On 4/25/07, Tim Chase <[EMAIL PROTECTED]> wrote:
> I'm running vim in a console using gnome-terminal. I put these
> mappings in my .vimrc file:
>
> map <c-q> :mksession! ~/.vim/.session <cr>
> map <c-s> :source ~/.vim/.session <cr>
>
> Pressing those buttons (CTRL+Q or CTRL+S) doesn't work. When I map as
> below instead:
>
> map <F9> :mksession! ~/.vim/.session <cr>
> map <F10> :source ~/.vim/.session <cr>
>
> the commands work.
>
> What is causing this behavior? Is it the terminal capturing the CTRL+Q
> and CTRL+S keystrokes before they reach VIM?
Yes, the ^S and ^Q keystrokes are flow-control characters. I
don't have Gnome-term on hand, but it works much the same in
other terminal emulators (xterm, rxvt, etc). Control+S is the
"hey, stop sending stuff to this terminal until I have a chance
to catch up" character, and Control+Q is the "okay, I've caught
up, you can start sending stuff to my terminal again" character.

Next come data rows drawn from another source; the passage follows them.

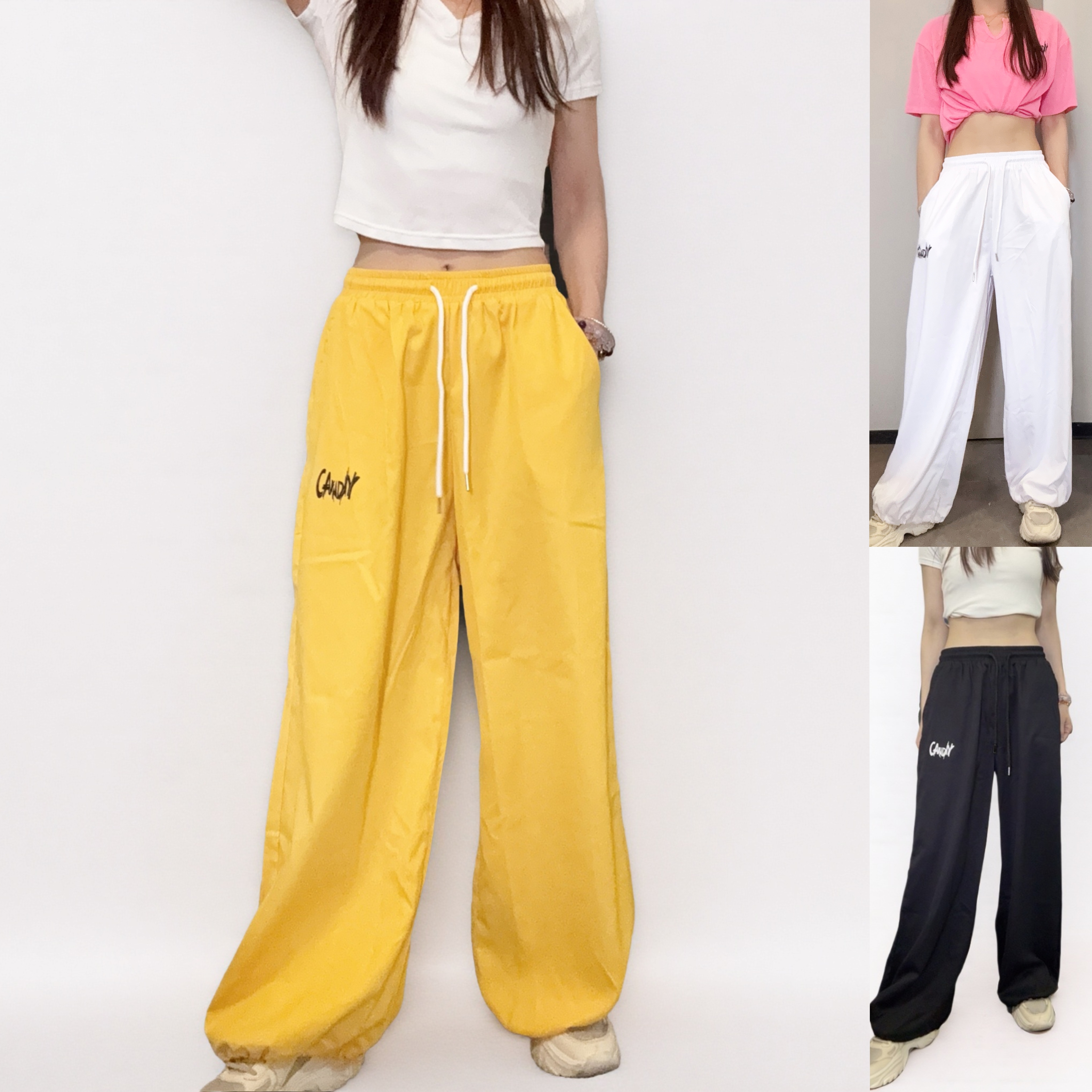 2025新款夏季潮牌休闲裤薄款垂感束脚长裤嘻哈阔腿宽松运动裤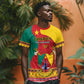 Personalised Cameroon National Day T shirt Cameroun Coat Of Arms With Atoghu Pattern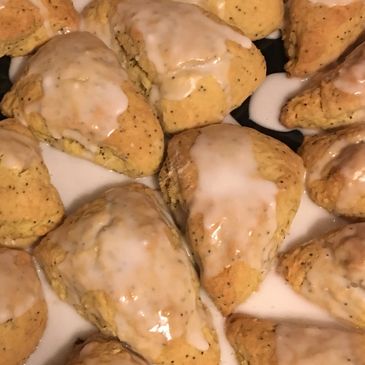 Our Lemon Poppie Scones and Popovers are great options for breakfast or your next company meeting.  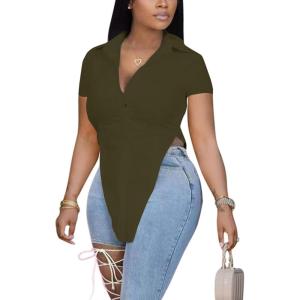 imageLYANER Womens Collar V Neck Button Front Short Sleeve Slit Hem Long Shirt Blouse TopOlive Green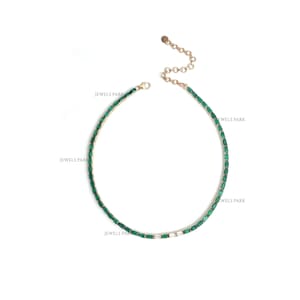 Emerald octagon diamond tennis necklace gold | Natural emerald cut emerald tennis necklace | Real emerlad and diamond tennis necklace gold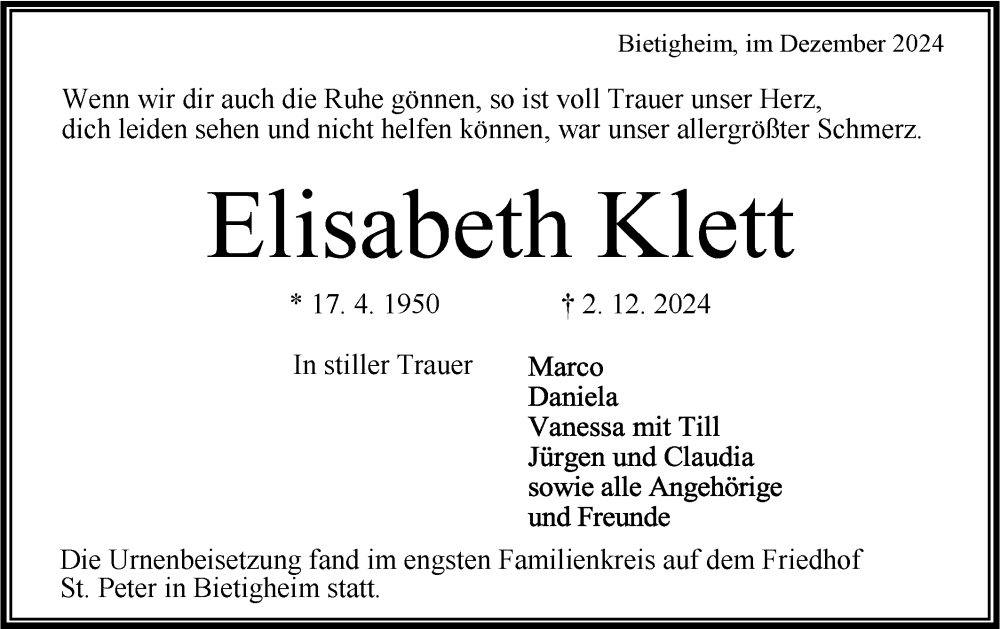  Traueranzeige für Elisabeth Klett vom 19.12.2024 aus Bietigheimer Zeitung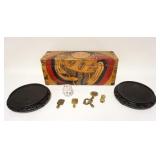 1068	ASIAN LOT INCLUDING DECORATED HINGED BOX APPROXIMATELY 18 IN X 6 1/2 IN X 7 1/2 IN HIGH, WOOD B
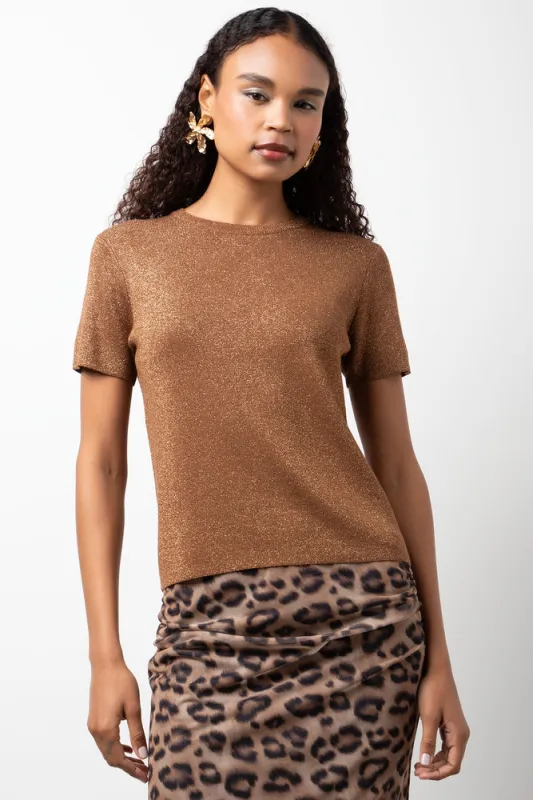 Lurex Crew Neck Short Sleeve Jersey Natural sold by Ackermas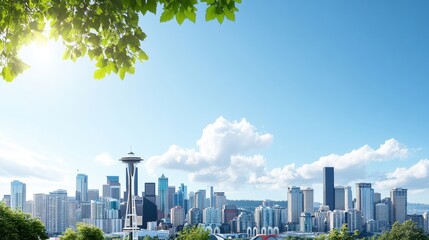 Fototapeta premium Scenic City Skyline with Blue Sky and Green Leaves in Seattle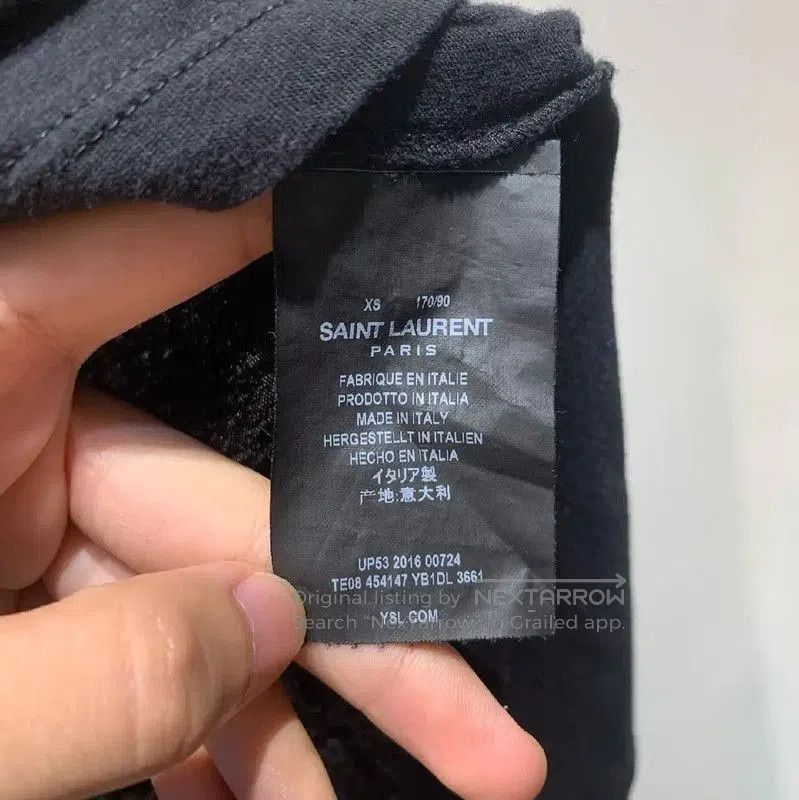 Yves Saint Laurent YSL Black Cotton XS T-Shirt with Graphic Design . Size XS / US 0-2 / IT 36-38 - 6 Thumbnail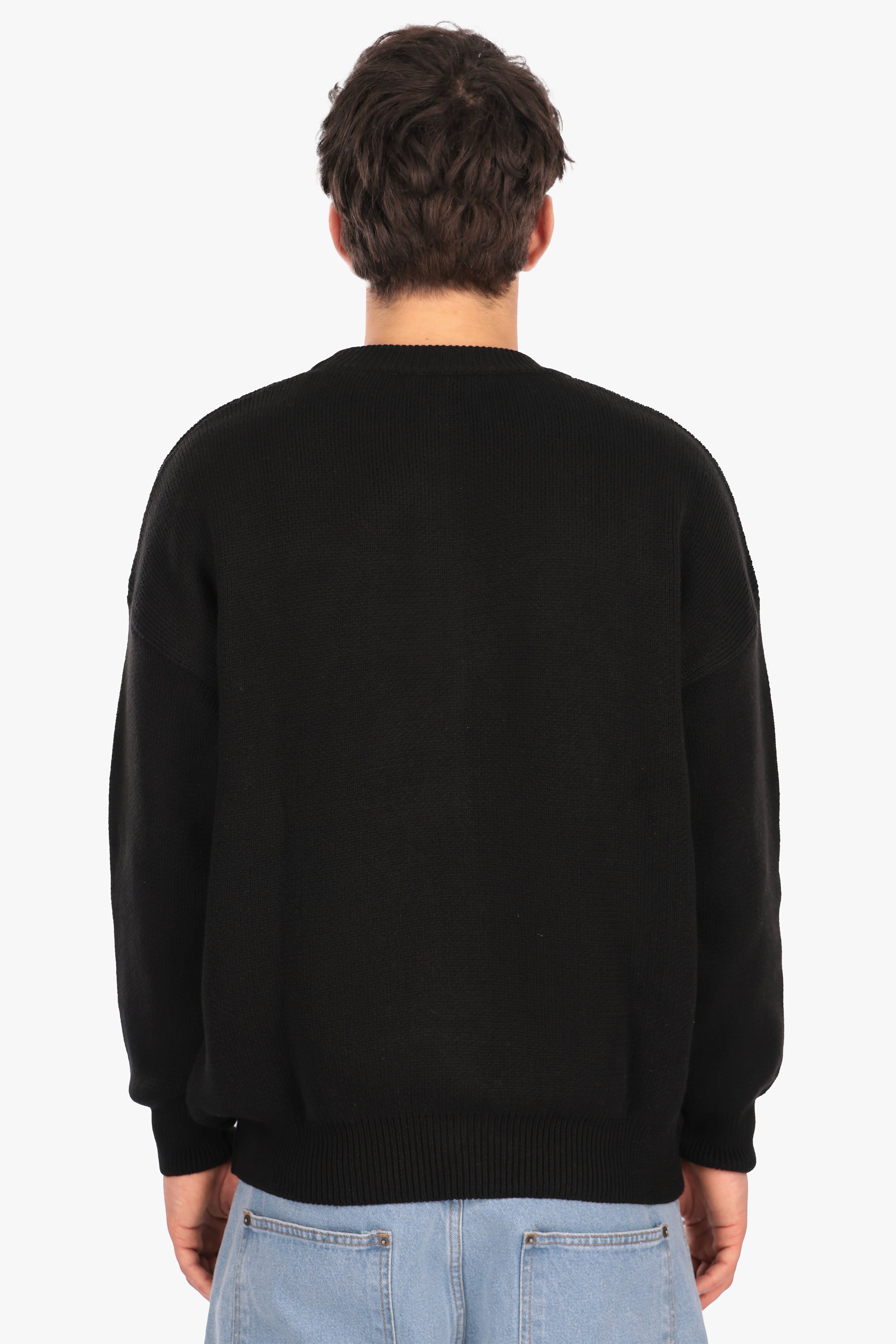 OVERSIZED BASIC EMBO KNIT SWEATER BLACK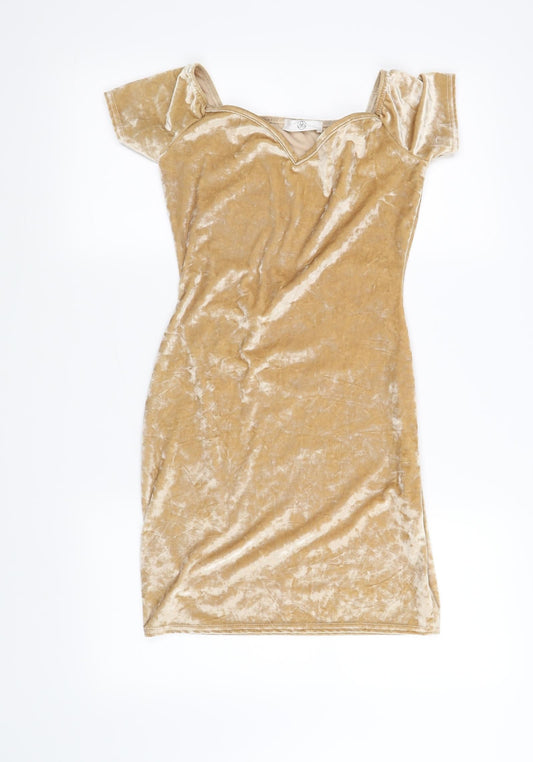 Missguided Womens Yellow   Fit & Flare  Size 8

The terminal software may catch these before Vim gets a chance to
see them. You might poke around in your GT settings for a
setting like "flow control" or "XON/XOFF" and try to disable
that. It's not like your terminal runs on an 8-bit processor
with 16 bytes of buffer for your serial-I/O terminal any more
where a speedy 2400-baud modem might overwhelm your terminal's
ability to draw on the screen. ;)
-tim
There may be a way to change the XON/XOFF keystrokes, but in the past
I have found that it is too much work to be worth the effort. I would
suggest trying different keystrokes that don't already have meaning.